### Task instructions
Once the pictures are set aside, transcribe each line of the listing exactly.

### Supplied information
□ □ □ □ □
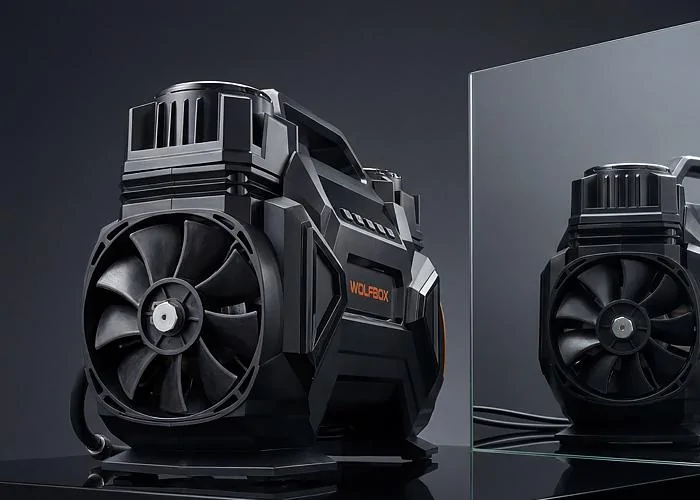 2025 2026 4runner 6th gen Behold! Here Comes Wolfbox HyperFlow 60D Air Compressor! 9d9d6fbc-a044-480e-aa2b-d02eac3eef09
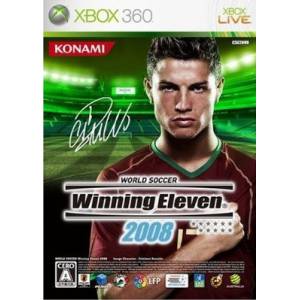 Winning Eleven 2008 / PES 2008 [X360 - Used Good Condition]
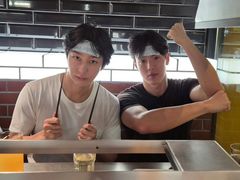 -很久以前羊肉串(南京路第一百货店)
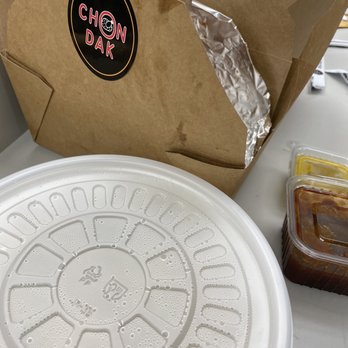 Chon Dak - Chicken wings to go box - Bars Near Me - Gardena, California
□ □ □ □ □
### Expected answer
 2025 2026 4runner 6th gen Behold! Here Comes Wolfbox HyperFlow 60D Air Compressor! 9d9d6fbc-a044-480e-aa2b-d02eac3eef09
 Winning Eleven 2008 / PES 2008 [X360 - Used Good Condition]
 -很久以前羊肉串(南京路第一百货店)
 Chon Dak - Chicken wings to go box - Bars Near Me - Gardena, California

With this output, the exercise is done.